The purpose of this review is to conduct a comprehensive analysis of the biological properties of EVs and their role as intercellular messengers in the TME, constructing an intricate web of signaling relationships that carry out pro‐ and antitumor effects. Moreover, we summarized the strong correlation between EVs and the development of angiogenesis, oncogene transfer, immune suppression, metabolism abnormalities and treatment resistance in tumors. Additionally, we explore the function of EVs as biomarkers for tumor diagnostics and prognosis and as drug carriers for cancer therapy.
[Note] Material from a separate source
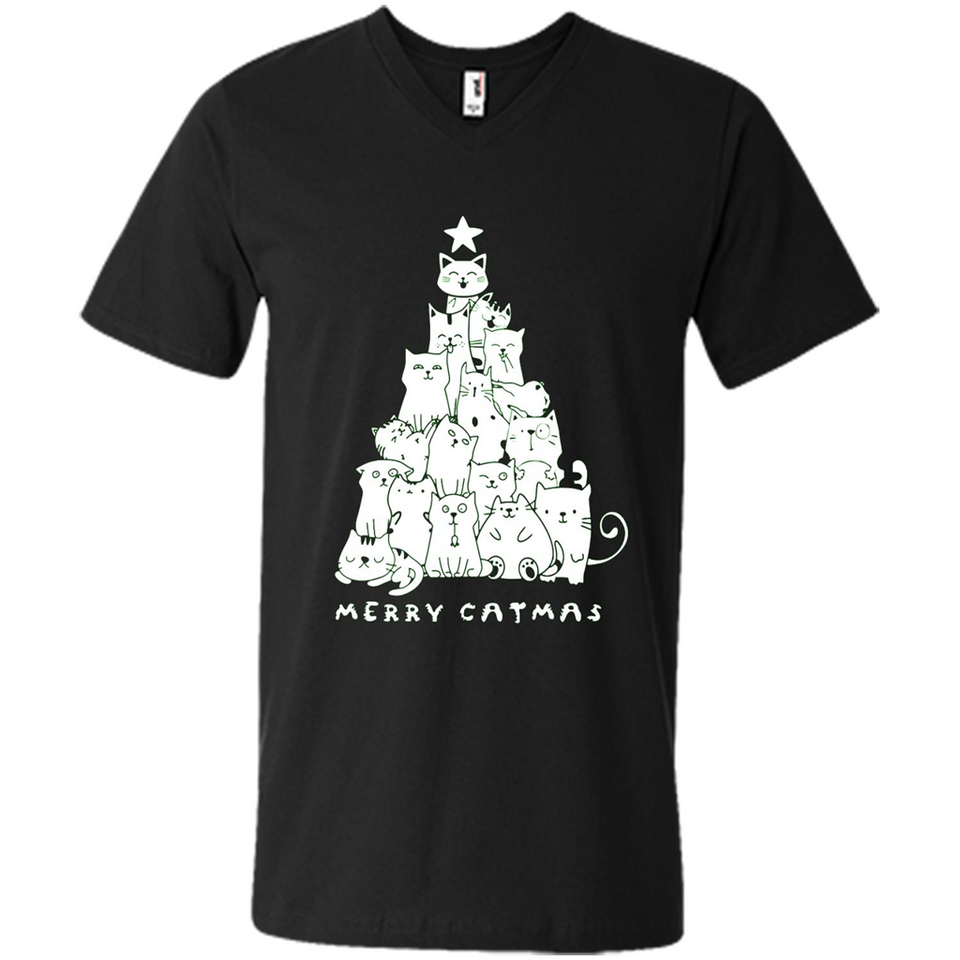 Merry Catmas - Merry Christmas Cat Lover Mug PINGPONG - Men's V-Neck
Translation of EVs from the laboratory to the clinic necessitates surmounting numerous obstacles. Although facing these obstacles, EVs have demonstrated significant promise in clinical settings and will propel the progress of precision cancer medicine.

2. BIOGENESIS AND COMPOSITION OF EVs

2.1. Types of EVs: exosomes, microvesicles, and apoptotic bodies

In the 1980s, Pan and Johnstone demonstrated that peptide‐containing vesicles are discharged into the extracellular space from sheep reticulocytes. Since then, the term “exosome” has been applied to EVs. ¹⁷ Depending on their size and biogenesis, the taxonomy of EVs typically includes three types of vesicles: exosomes (<150 nm in diameter), microvesicles (MVs) (100–1000 nm in diameter), and apoptotic bodies (ApoBDs) (0.8–5.0 µm in diameter). ¹⁸ , ¹⁹ , ²⁰ Within the TME, EVs are crucial for intercellular communication, as well as for long‐distance circulation. Although Wolf and colleagues initially regarded EVs as nothing more than cellular waste, emerging data in this area have demonstrated their importance as signaling molecules in physiological and pathological processes, such as cancer development (Figure 1).

FIGURE 1.

Biogenesis and components of EVs. The cell membrane protrudes inward, resulting in the formation of early endosomes. After maturation into late endosomes, MVBs are subsequently initiated. Alternatively, late MVBs fuse with lysosomes for degradation or release exosomes by fusing with the plasma membrane. Microvesicles biogenesis occur directly through budding from the plasma membrane and apoptotic bodies are released during apoptosis. Upon release from cells, EVs transport a variety of biological constituents to perform specific functions, including an array of proteins (membrane proteins, signaling proteins, enzymes, markers, etc.), RNA species, DNA, lipids, and metabolites. EVs, extracellular vesicles; MVBs, multivesicular bodies.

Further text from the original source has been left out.